Please let me know if it would help if I share one sequencing sample + reference sequence to pinpoint the problem (unfortunately sequencing files are a bit larger than GitHub size limit to share here).

Thanks in advance.

[cristina86cristina]

Thanks for the info. I think you need to run the first step in the README file under "prepare input files". Even if not necessary depending on the software used for alignment, it is needed for bam files produced with bwa.

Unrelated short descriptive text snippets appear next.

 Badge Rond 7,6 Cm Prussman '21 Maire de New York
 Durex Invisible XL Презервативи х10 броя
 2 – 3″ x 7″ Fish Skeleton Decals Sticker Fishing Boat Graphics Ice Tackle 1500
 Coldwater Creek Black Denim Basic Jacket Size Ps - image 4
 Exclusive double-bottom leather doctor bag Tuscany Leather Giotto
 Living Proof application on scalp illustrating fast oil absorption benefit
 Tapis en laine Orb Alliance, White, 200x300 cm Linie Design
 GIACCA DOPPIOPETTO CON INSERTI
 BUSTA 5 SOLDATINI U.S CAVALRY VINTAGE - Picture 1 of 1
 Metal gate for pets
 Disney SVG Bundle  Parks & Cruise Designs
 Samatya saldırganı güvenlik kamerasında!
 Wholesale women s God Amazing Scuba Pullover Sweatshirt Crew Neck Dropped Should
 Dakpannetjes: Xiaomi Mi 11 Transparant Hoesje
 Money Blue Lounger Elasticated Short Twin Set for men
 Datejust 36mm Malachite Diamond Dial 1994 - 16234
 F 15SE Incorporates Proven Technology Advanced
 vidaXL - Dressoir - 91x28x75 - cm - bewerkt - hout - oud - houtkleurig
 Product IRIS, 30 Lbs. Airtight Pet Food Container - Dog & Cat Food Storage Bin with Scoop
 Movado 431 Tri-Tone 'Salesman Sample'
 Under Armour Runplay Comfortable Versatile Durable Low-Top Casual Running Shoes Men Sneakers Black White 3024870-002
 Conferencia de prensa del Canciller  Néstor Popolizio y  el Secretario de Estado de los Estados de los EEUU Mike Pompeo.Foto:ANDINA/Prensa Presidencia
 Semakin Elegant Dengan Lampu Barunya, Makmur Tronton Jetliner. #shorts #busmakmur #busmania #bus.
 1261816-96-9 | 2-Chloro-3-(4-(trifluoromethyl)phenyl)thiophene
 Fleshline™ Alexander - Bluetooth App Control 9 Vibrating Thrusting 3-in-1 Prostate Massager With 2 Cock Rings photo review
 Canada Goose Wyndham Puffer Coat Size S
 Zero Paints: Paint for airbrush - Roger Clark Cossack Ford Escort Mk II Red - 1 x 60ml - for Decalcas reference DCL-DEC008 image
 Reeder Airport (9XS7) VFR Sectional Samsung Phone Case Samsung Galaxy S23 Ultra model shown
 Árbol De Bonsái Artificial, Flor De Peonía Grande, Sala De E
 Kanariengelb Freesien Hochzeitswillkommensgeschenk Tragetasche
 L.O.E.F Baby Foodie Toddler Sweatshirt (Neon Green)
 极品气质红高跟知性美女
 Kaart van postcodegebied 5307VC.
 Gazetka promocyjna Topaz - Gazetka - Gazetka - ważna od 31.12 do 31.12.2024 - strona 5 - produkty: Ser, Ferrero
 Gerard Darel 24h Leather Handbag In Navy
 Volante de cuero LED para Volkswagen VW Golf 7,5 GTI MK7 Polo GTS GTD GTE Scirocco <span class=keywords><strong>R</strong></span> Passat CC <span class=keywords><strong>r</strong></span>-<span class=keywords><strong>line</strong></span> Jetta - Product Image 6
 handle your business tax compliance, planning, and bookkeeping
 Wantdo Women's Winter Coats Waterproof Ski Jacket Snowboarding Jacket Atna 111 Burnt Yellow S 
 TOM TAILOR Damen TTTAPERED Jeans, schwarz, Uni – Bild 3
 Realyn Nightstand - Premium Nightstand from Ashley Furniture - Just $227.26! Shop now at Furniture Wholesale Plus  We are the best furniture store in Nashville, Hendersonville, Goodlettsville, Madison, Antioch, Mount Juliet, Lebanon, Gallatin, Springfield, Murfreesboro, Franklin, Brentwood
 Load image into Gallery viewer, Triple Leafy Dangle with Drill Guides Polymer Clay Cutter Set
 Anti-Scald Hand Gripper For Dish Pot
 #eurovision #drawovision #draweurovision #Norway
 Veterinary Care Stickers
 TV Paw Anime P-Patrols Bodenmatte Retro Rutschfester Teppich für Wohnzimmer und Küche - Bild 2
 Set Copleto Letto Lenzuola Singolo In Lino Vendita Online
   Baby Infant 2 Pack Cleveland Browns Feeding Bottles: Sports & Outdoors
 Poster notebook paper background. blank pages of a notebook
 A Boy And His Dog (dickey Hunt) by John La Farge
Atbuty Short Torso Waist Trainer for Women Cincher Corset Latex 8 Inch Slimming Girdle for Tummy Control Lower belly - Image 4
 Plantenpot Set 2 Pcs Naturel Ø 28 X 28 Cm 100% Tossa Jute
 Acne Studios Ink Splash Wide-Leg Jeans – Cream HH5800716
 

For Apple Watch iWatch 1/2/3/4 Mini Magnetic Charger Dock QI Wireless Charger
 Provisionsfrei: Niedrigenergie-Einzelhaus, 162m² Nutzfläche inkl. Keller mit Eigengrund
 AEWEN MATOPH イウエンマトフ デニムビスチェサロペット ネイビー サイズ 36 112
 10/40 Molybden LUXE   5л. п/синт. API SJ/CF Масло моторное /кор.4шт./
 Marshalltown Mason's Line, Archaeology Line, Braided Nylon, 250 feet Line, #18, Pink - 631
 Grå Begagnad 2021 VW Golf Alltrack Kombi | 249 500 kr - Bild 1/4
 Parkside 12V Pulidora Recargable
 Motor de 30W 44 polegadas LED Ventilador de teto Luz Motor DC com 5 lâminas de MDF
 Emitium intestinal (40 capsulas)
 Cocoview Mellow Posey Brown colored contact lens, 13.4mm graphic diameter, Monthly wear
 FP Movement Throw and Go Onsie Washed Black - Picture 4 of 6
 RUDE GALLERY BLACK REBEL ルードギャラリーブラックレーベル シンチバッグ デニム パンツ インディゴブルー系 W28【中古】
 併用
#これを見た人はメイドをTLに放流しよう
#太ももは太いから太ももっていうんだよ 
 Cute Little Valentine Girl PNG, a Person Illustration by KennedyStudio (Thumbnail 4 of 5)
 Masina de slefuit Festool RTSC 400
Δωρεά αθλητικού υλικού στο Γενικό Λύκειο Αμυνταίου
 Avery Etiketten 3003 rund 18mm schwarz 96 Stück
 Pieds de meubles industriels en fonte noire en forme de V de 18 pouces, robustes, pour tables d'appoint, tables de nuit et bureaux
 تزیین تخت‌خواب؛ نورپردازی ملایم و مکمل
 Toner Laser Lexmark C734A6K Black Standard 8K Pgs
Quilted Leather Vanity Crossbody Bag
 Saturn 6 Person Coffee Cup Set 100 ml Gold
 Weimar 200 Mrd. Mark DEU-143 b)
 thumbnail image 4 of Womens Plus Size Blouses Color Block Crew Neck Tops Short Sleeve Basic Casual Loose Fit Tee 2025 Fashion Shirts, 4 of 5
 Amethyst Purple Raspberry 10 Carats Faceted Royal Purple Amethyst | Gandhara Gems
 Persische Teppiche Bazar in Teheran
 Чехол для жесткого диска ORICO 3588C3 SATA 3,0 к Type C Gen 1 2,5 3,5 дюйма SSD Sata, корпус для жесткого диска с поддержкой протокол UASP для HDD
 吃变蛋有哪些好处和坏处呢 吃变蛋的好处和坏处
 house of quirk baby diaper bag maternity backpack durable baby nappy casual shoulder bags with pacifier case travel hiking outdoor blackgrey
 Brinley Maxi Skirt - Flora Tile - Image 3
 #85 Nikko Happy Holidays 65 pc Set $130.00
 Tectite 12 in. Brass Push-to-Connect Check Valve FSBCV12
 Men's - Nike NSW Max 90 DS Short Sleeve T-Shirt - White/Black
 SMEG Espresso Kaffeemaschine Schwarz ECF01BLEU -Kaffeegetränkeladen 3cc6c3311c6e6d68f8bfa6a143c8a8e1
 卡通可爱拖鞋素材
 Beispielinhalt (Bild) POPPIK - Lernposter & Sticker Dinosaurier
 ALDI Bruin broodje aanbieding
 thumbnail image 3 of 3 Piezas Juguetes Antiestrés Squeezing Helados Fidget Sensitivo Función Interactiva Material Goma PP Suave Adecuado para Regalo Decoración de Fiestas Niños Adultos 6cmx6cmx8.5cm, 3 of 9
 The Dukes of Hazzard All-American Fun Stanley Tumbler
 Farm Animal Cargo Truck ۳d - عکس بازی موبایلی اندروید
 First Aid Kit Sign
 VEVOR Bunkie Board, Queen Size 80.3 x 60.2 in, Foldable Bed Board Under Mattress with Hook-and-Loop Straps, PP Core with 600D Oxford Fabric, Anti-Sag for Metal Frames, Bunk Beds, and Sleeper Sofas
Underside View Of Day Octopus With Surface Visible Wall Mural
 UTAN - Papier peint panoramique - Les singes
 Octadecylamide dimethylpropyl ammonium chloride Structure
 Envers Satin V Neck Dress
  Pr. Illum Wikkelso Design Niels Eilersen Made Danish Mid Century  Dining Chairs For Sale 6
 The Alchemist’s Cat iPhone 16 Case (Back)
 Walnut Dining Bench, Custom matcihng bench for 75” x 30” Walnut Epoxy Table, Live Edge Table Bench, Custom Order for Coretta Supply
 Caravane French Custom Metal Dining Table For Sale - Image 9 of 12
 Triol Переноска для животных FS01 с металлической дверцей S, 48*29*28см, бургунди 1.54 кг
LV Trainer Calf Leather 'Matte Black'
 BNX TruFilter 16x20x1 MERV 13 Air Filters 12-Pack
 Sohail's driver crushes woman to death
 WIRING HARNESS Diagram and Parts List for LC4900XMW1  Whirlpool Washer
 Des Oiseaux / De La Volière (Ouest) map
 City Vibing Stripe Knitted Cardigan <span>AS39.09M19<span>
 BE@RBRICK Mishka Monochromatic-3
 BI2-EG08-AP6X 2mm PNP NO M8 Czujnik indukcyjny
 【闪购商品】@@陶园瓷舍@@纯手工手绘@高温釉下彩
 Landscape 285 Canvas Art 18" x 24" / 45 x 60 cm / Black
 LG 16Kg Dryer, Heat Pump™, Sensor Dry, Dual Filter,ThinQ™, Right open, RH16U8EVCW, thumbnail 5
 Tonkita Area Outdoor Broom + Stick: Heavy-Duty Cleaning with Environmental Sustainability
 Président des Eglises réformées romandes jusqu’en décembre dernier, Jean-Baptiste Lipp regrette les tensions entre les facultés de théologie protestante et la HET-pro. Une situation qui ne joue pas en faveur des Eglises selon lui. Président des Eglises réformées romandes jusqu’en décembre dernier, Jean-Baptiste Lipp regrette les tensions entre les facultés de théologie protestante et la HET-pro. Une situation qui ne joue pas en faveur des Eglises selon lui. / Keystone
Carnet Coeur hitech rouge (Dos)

samtools view -h -G69 file.bam | samtools view -h -G133 > newfile.bam

This gets rid of unmapped/duplicated multi-aligned reads. You can check the number of mapped reads with samtools in both files:

samtools view -c -F 260 file.bam

samtools view -c -F 260 newfile.bam

This should give you the same number.

Let me know if this solves the problem! If not, yes please share a bam file with me and I'll have a look!

[Al313]

Yes, I did try running "makereadcount" both on original and new bam files but the error persisted.

I have uploaded the reference sequence + sequencing reads of one sample on Google Drive. I will share the link with you via email.